伝統の高校選手権と変わらぬ光景 “強いチーム”が称賛され進まない「選手育成」の現実

今年度大会で97回目を迎えた全国高校サッカー選手権【写真:Football ZONE web】
今年度大会で97回目を迎えた全国高校サッカー選手権【写真:Football ZONE web】

過剰な連戦と参加校の半数が1試合で大会を去る現実

 全国高校サッカー選手権は今年度大会で97回目を迎えた。ただし97年間も年輪を重ねてきたのに、時代に則した変化は見えない。高校生たちは、この大会を目指して3年間膨大な努力を積み上げてきている。ところが壮大なドラマを経て全国への切符を手にしても、参加校の半数が1試合のみで大会を去る。日程も多少のゆとりはできたが、過剰な連戦は相変わらずで、さらに年間を俯瞰すればオフも確保されず、明白な酷使状況になっている。
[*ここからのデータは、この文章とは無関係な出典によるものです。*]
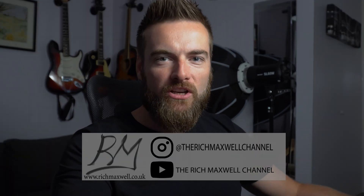This is Rich from the Rich Maxwell channel. Welcome back to my channel. If you're new to the channel, this channel is about drones and photography, so please consider subscribing, maybe like the video if you find the content useful, and join me again for more videos. I'm always doing tutorials on here, product reviews, and general hints and tips for flying drones and taking cool images with your cameras.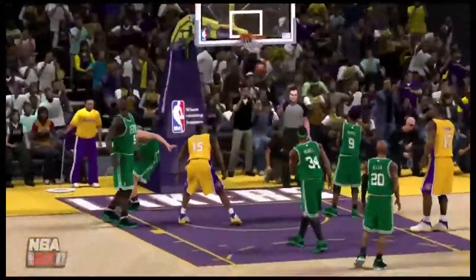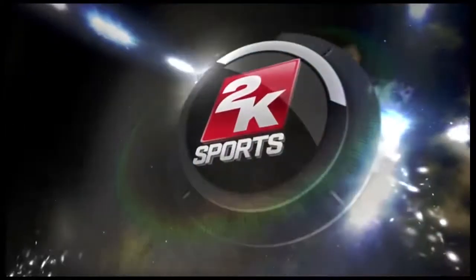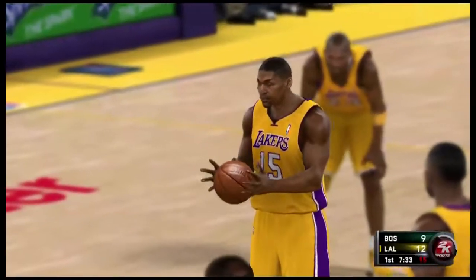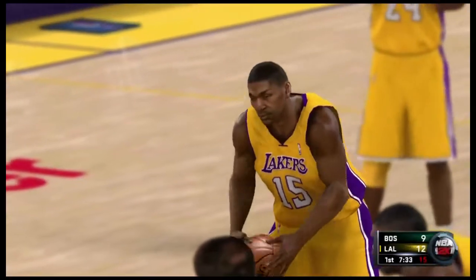Alright, so this is my third quality test for the Hoppage capture card, HD PVR. I'm just testing it with another game besides Halo Reach, so I just chose NBA 2K11.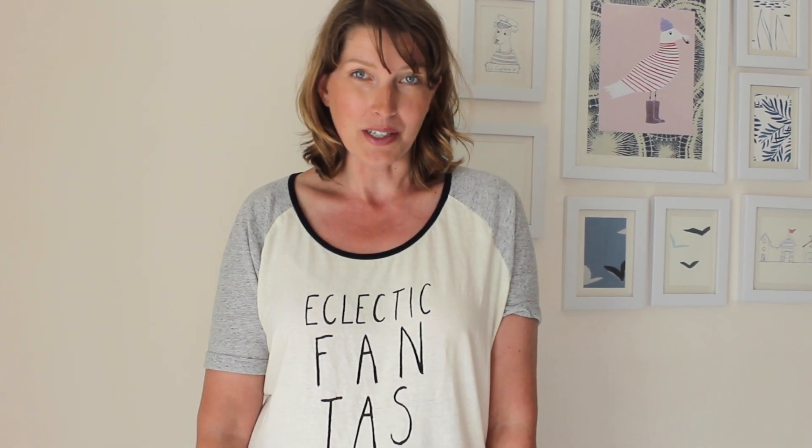So now you know what went on behind the scenes of Furniture Hacks, and you've had a glimpse of some of the projects you can find in the book. Keep an eye on this channel, because in a few weeks time, especially for you viewers of Handmade Home, I'm going to post a full tutorial of all the projects in the book. If you liked this video, please subscribe to my channel — I'll be back next week with a tutorial here on Handmade Home.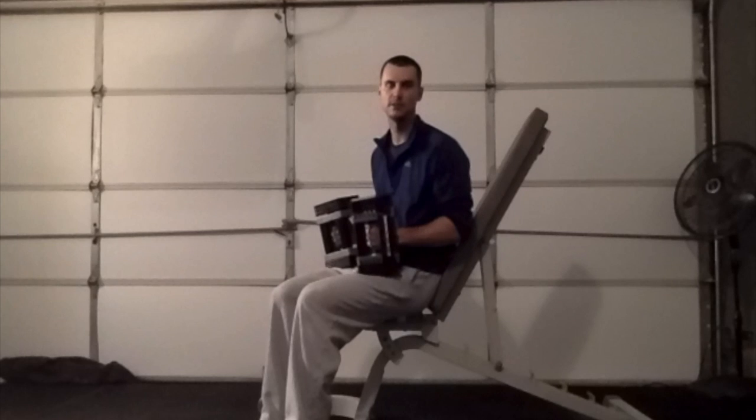Alright, this is going to be an alternate dumbbell bench press. Throughout this exercise, you'll want to emphasize reaching at the top of the movement, as well as keeping the low back flat on the bench. So it looks like this.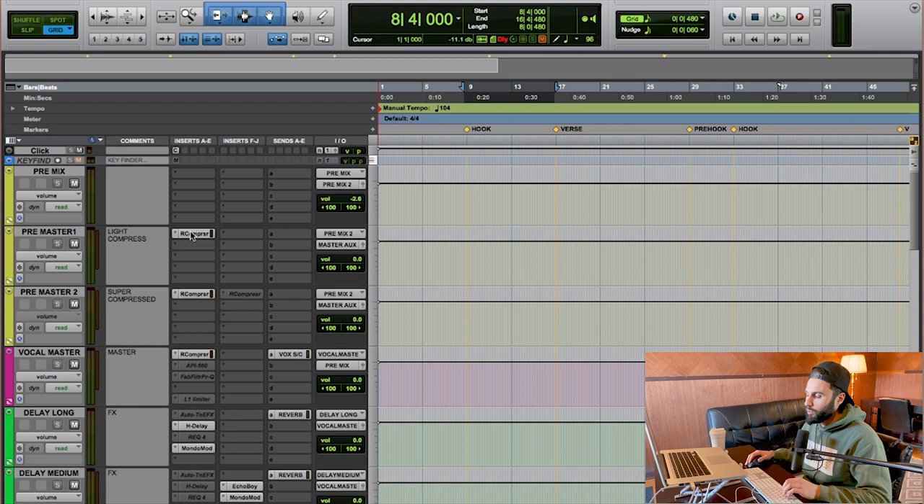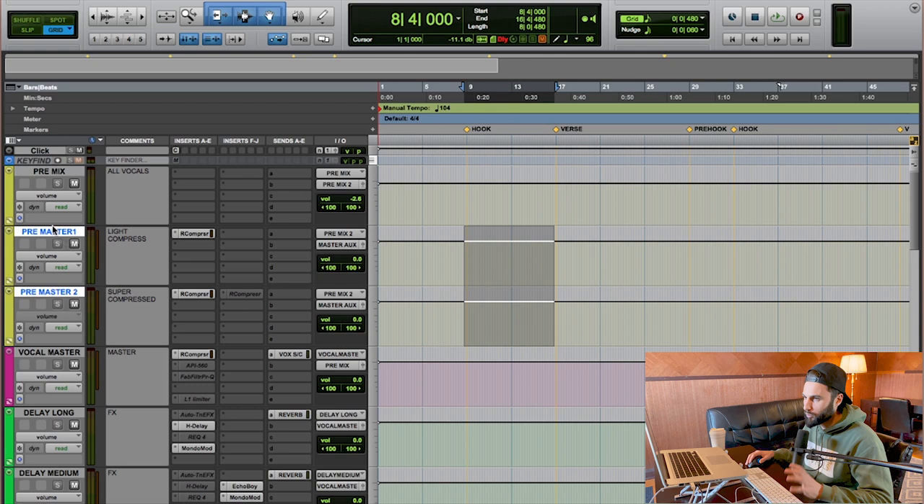Let me show you the signal routing. All vocals go to a bus I've labeled 'premix' — every single vocal, all the vocal effects, everything ends up there. Then it gets split between two buses I've labeled 'pre-master one' and 'pre-master two.' Pre-master one has a light compression on it, and pre-master two is the super compressed version.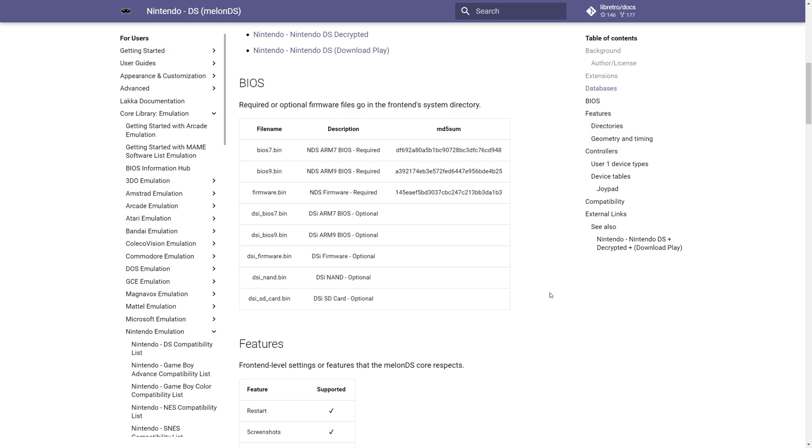For this setup guide we're going to be using the MelonDS core, just because it's more up to date than DeSmuME 2015. Regular DeSmuME still has some save issues, at least in my testing, on the current builds of RetroArch.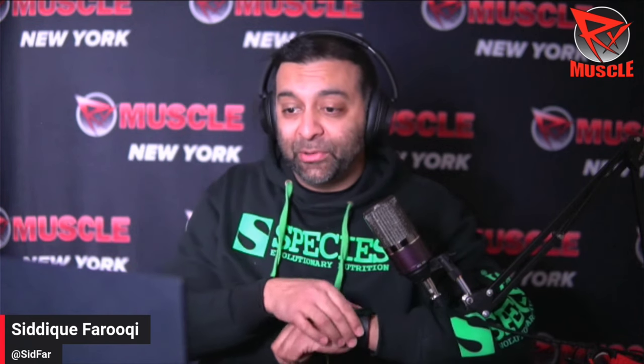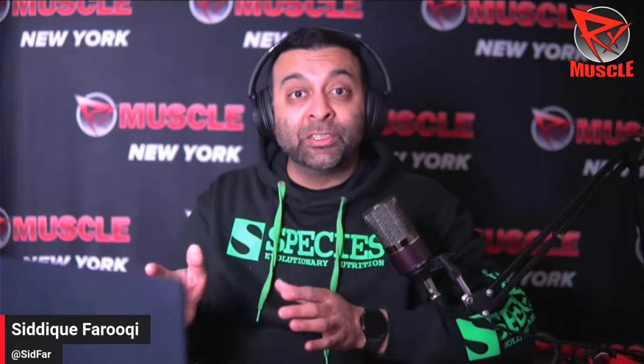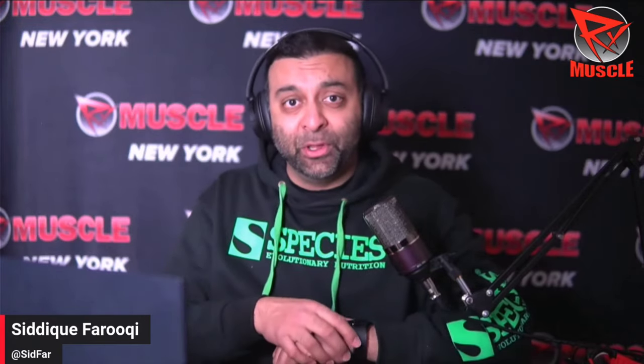We've been getting a lot of questions regarding Sam Sulik, who is obviously really becoming one of the breakout stars in bodybuilding and fitness across the world. Angel RDZ wants to know — and we've been getting a lot of questions — as to whether you would reach out to Sam to get him on the show for an interview.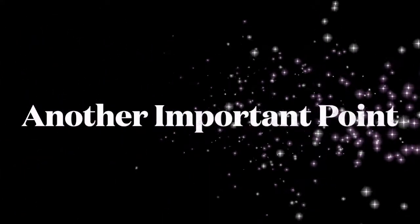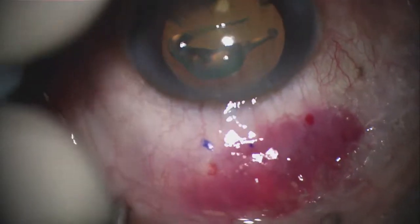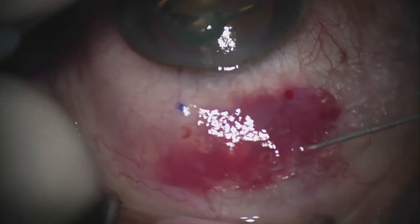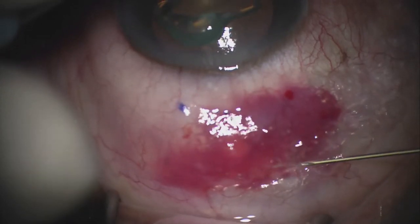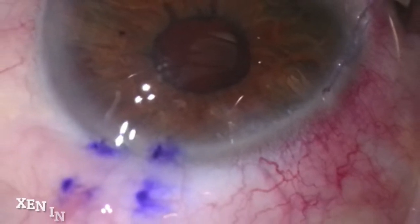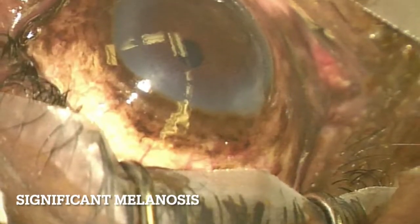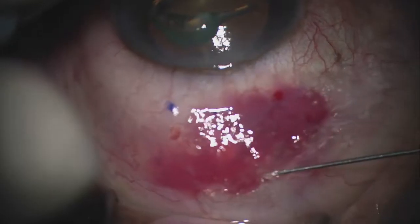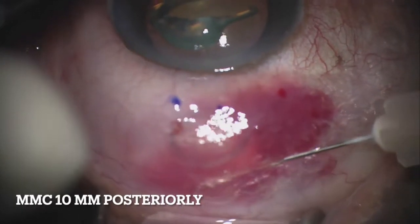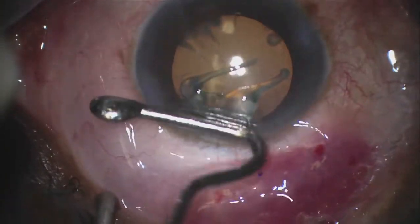One more important point has to do with the use of Mitomycin C. Realize that you can titrate the amount of Mitomycin C to increase or decrease your dosage and/or concentration depending on the patient and the risk of scarring. For example, you may use more Mitomycin C in a case where there has been a previous surgery or in a pigmented patient who has a high risk of scar formation. Also, remember to inject the Mitomycin C about 10 millimeters away from the limbus, then use an instrument to spread it posteriorly to create a pocket for the bleb.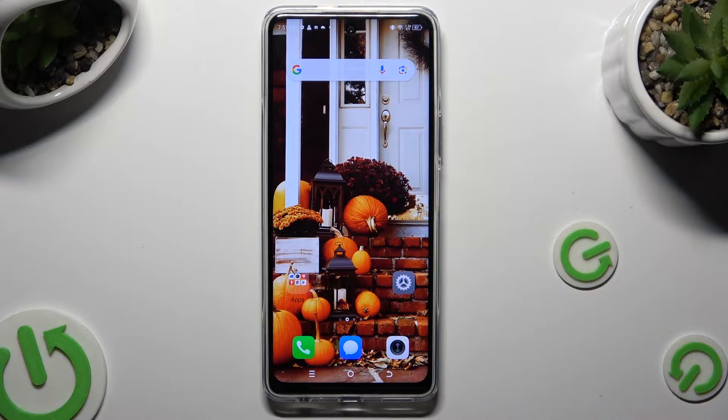Hi, in front of me is the Tecno Pova 5 Pro, and today I would like to show you how you can clean the storage of this device.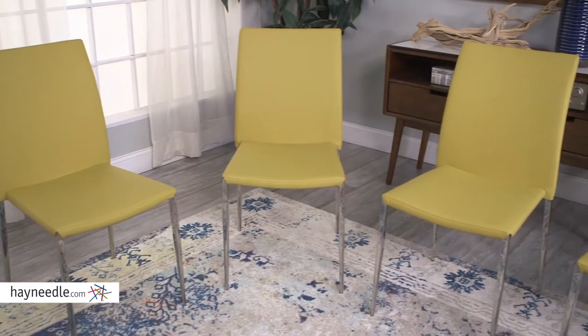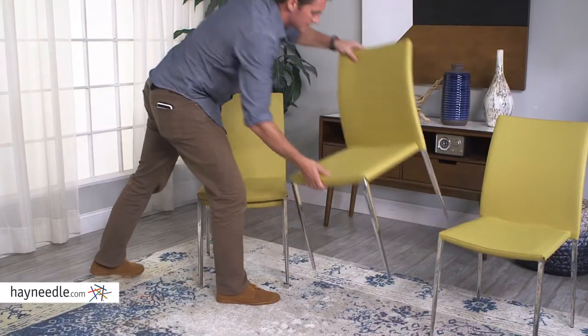What's also great about this set of four is that when not in use, they stack to save space and to move around more easily. The Diana Dining Chair is not only a great addition to your dining space, it's a great addition to the seating in your home. Its armless design will add transitional seating anywhere. Find it at Hayneedle.com.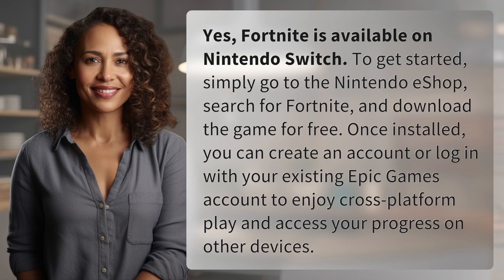Yes, Fortnite is available on Nintendo Switch. To get started, simply go to the Nintendo eShop, search for Fortnite, and download the game for free. Once installed, you can create an account or log in with your existing Epic Games account to enjoy cross-platform play and access your progress on other devices.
 日本サッカー協会(JFA)は「選手育成のコンセプト」と題して、こんなメッセージを記している。

「長期的視野に立った選手の育成。これは非常に重要な考え方です。目先のその時々の勝利ではなく、一人の選手が自立期においていかに大きく成長するのかを第一の目的とする」

 一方で、こんなくだりもある。

「日本は世界のサッカーの発展傾向を見続け、海外の強豪から多くを学びながら、自国のシステムを整え、発展を遂げてきました」

 では世界を見渡して、これほどユース年代の全国大会を乱立させる強豪国がどこにあるのだろうか。また強豪校で指揮を執る指導者は、本来日本サッカーの現場を主導するはずのJFAが謳う「プレイヤーズ・ファースト」や「世界の発展傾向を見続け、学び続ける」姿勢を共有しているだろうか。

 数年前に強豪校の監督、スタッフを取材した。ここでは上意下達が徹底され、非効率で長時間の練習が続く。3ケタを超える部員は全員の試合を終えるまで引き上げられず、自分の時間がまったく持てないとの告発を受けたからだった。監督は言い放った。

「ウチは高校サッカーをやっている。別に世界を目指しているわけじゃない。ウチに入ってきて、ウチのやり方を批判するのは良くないな」

 しかし同校からも日本代表選手が巣立っている。彼らが3年間、世界基準を視野に入れた指導者のもとで、適切なトレーニングを続けてきたら、もっと大きく飛躍できた可能性がある。それ以上に、告発した選手は、故障が完治しないまま無理なトレーニングを続けたために、日常生活にも支障をきたす状態に陥り同校を中退した。スポーツ界では矢継ぎ早にパワハラ問題が露呈したが、それはまだまだ氷山の一角で、サッカー界も無縁ではない。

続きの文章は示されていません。